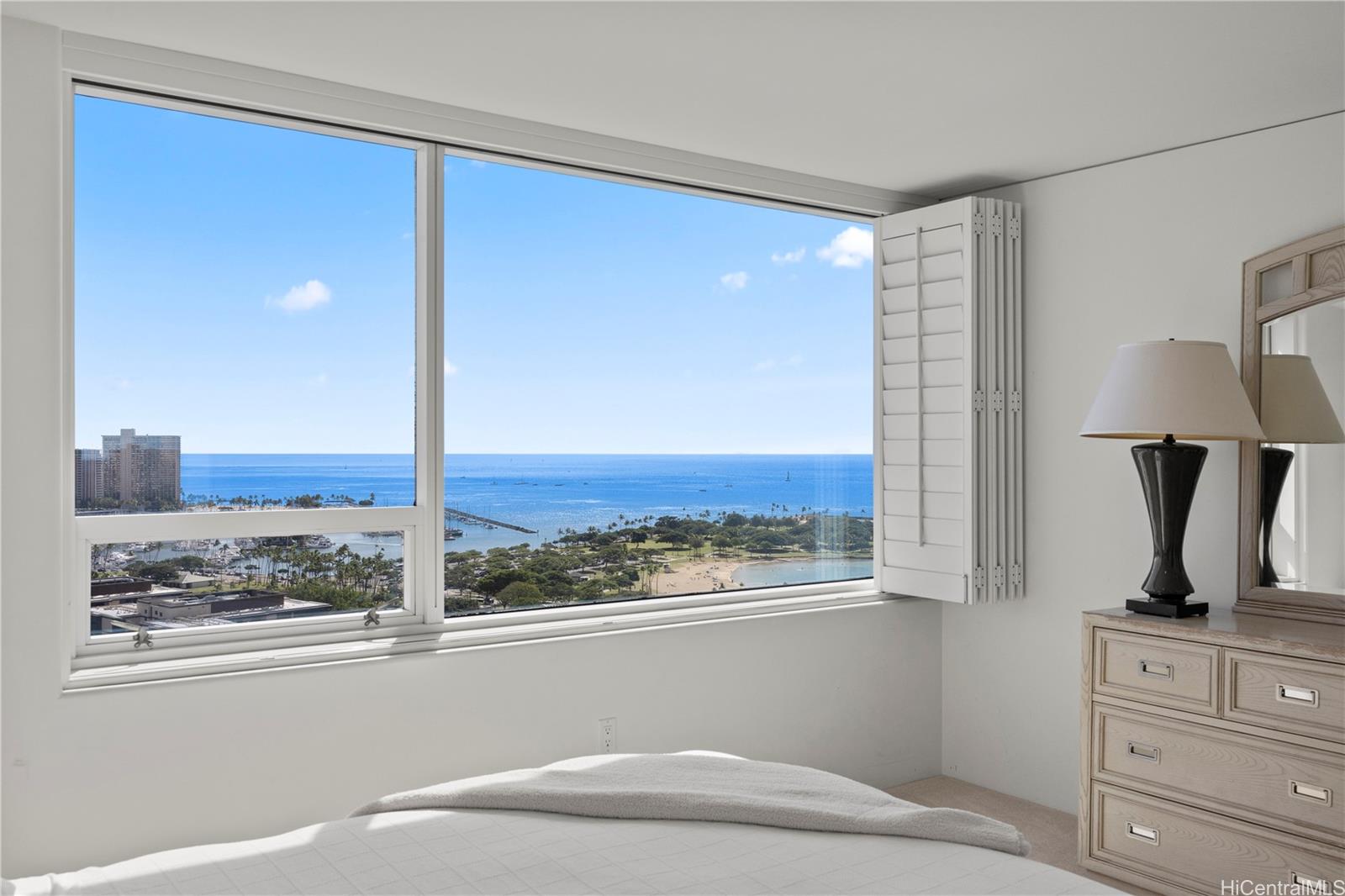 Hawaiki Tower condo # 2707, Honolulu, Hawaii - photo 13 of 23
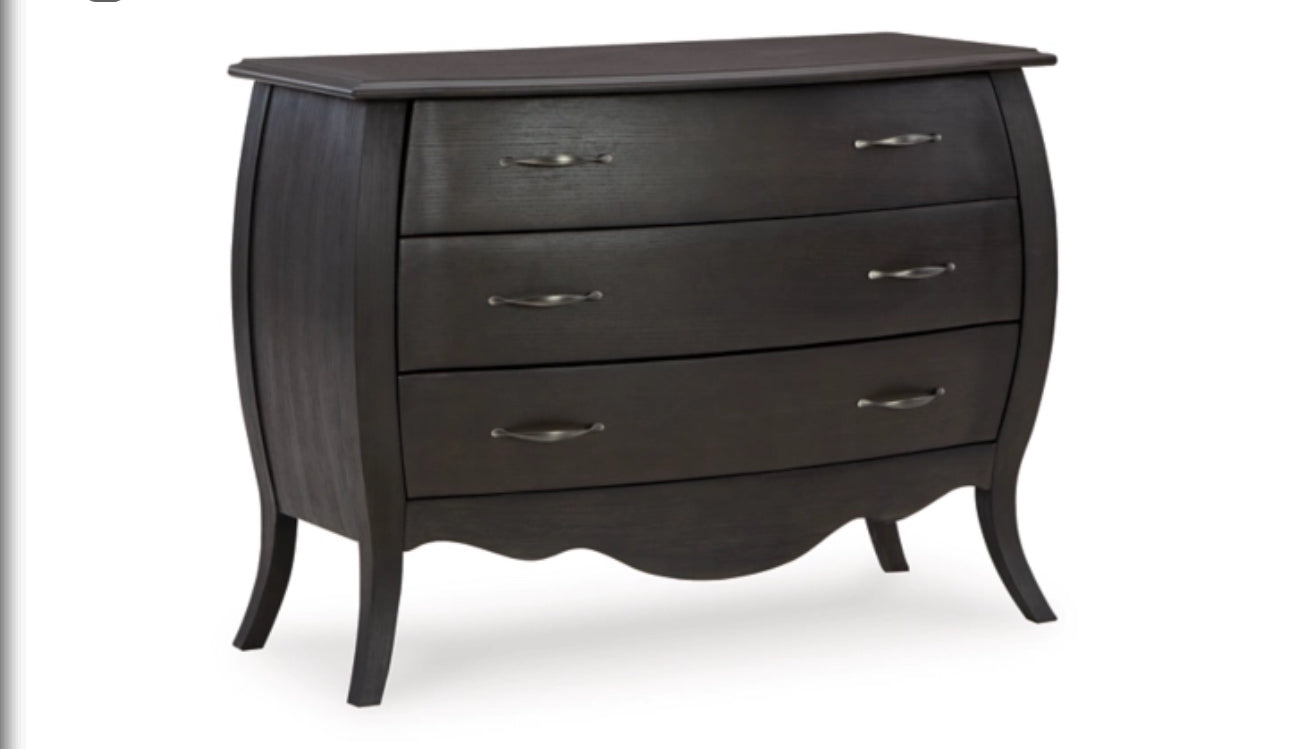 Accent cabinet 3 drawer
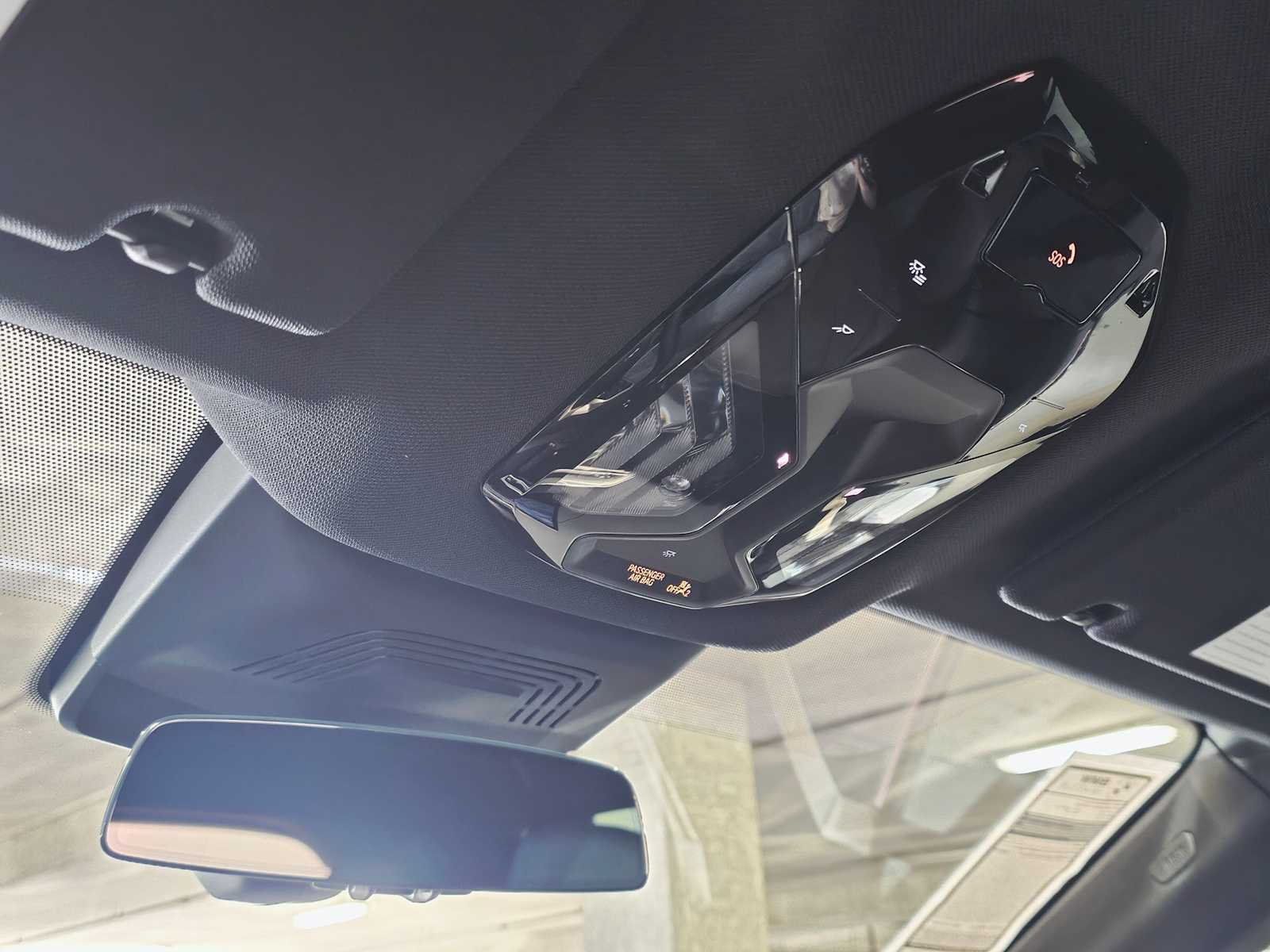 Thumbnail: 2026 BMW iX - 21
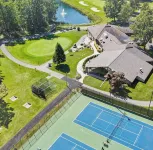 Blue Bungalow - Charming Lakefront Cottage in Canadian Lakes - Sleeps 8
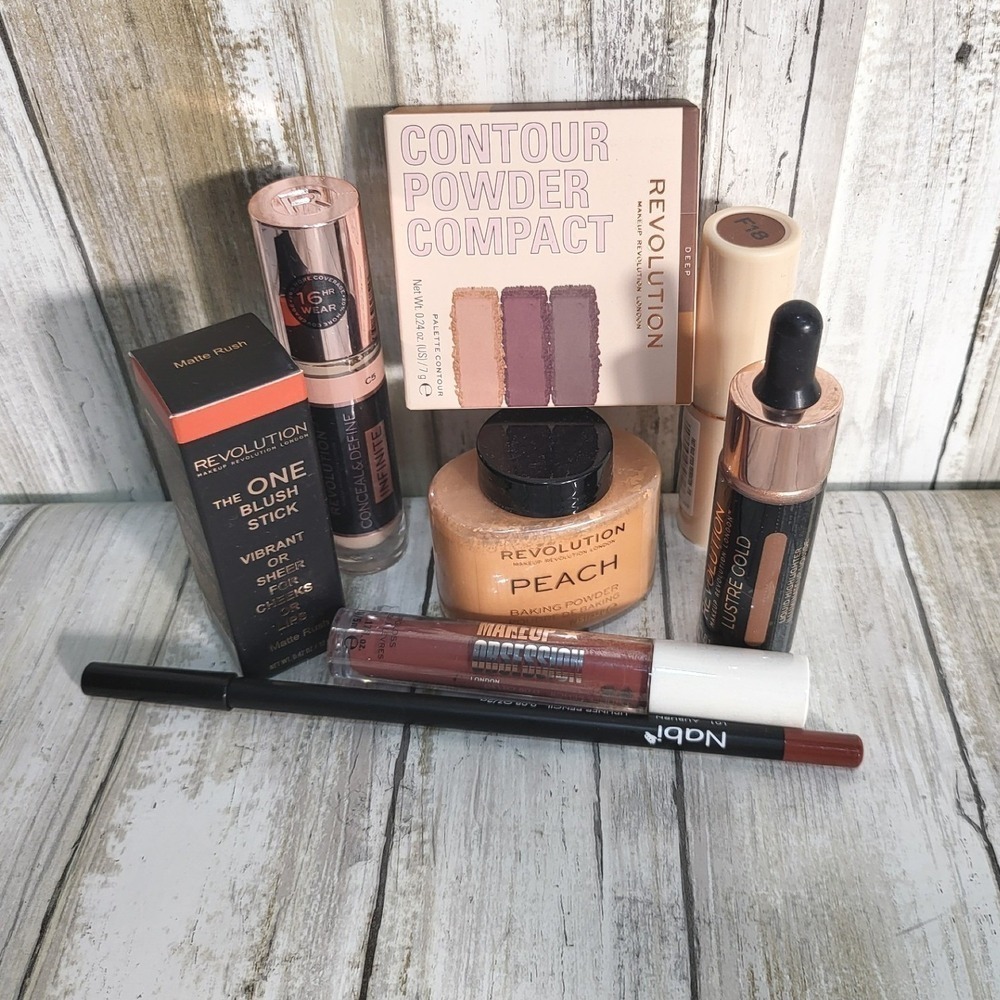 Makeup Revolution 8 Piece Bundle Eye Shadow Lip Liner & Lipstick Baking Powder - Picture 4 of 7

→ Exercise goal
An exact copy of the material is required, minus the pictures.

→ Task solution
 Hawaiki Tower condo # 2707, Honolulu, Hawaii - photo 13 of 23
 Accent cabinet 3 drawer
 Thumbnail: 2026 BMW iX - 21
 Blue Bungalow - Charming Lakefront Cottage in Canadian Lakes - Sleeps 8
 Makeup Revolution 8 Piece Bundle Eye Shadow Lip Liner & Lipstick Baking Powder - Picture 4 of 7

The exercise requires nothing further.